The quietness of Day’s Bay became, for Katherine Mansfield, a standard of stillness. It was only of the heightened sense of absolute stillness produced by isolation and illness and “a sky like lead” that she could say it was “much quieter than Day’s Bay.” That meant a superhuman, or even an inhuman stillness — the quietness that descends upon one who has drifted out of life itself. The quietness of Day’s Bay represented a perfection of human stillness, friendly and benign. It was of Day’s Bay and her summers there that she was thinking when, in a mood of happiness in a Paris spring, — when, as she walked,”the air just lifts enough to blow on your cheeks. Ah, how delicious that is!” — she tried to make a present of her happiness to a friend.

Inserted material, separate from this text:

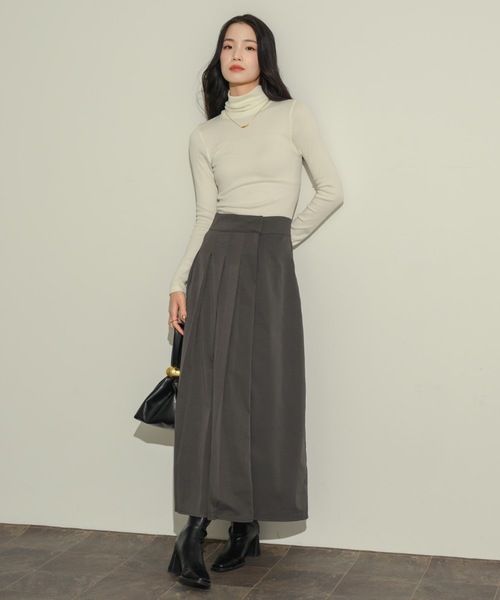 レイヤードプリーツスカート（スカート）｜NEUNA（ヌナ）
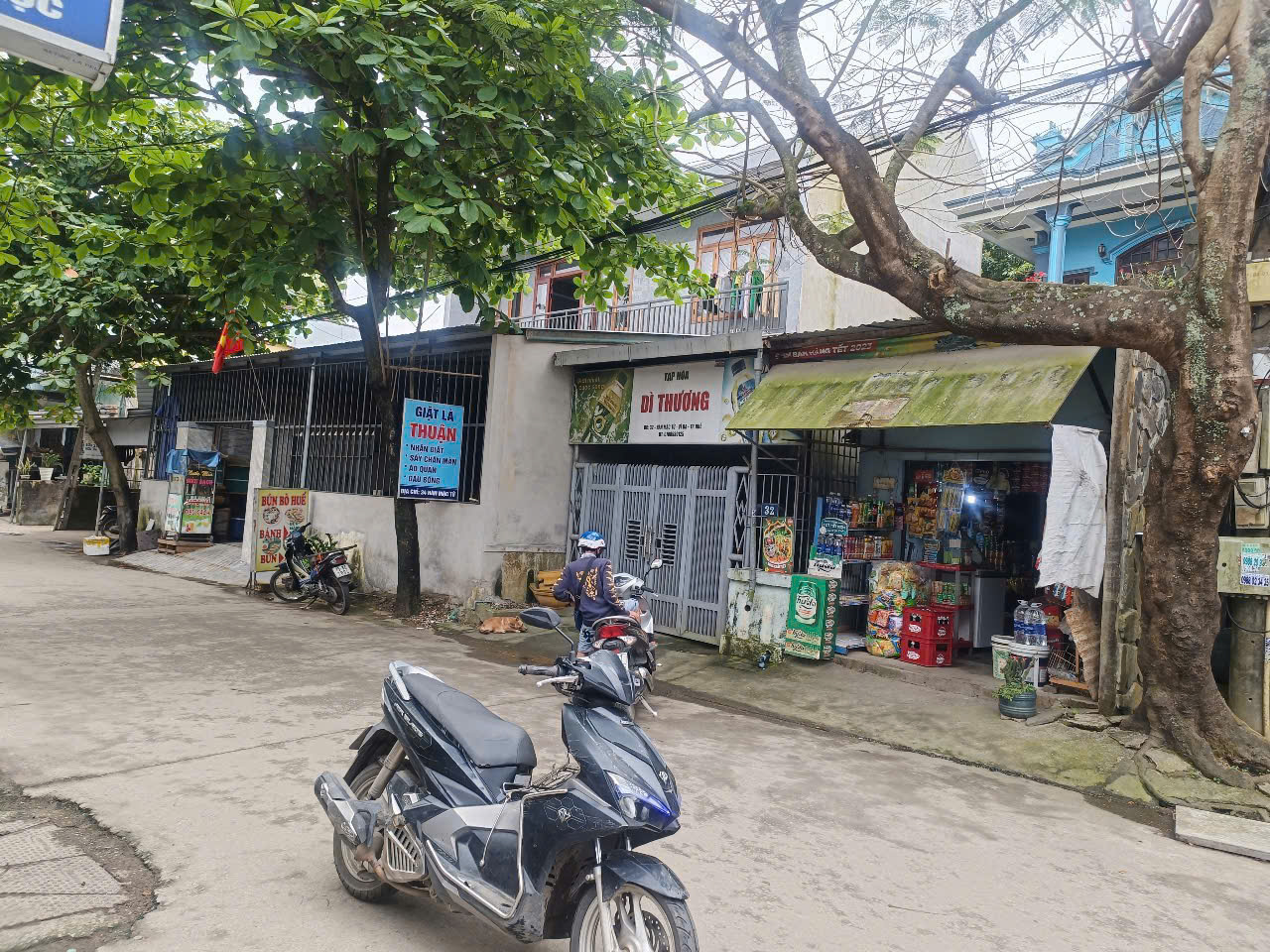 z6504749332401_8f36a0ee59ac9d68ada7ed66326ffd6a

“There is a wharf not far from here where the sand barges unload. Do you know the smell of wet sand? Does it make you think of going down to the beach in the evening light after a rainy day and gathering the damp driftwood (it will dry on the top of the stove) and picking up for a moment the long branches of seaweed that the waves have tossed and listening to gulls who stand reflected in the gleaming sand, and just fly a little way off as you come and then — settle again?”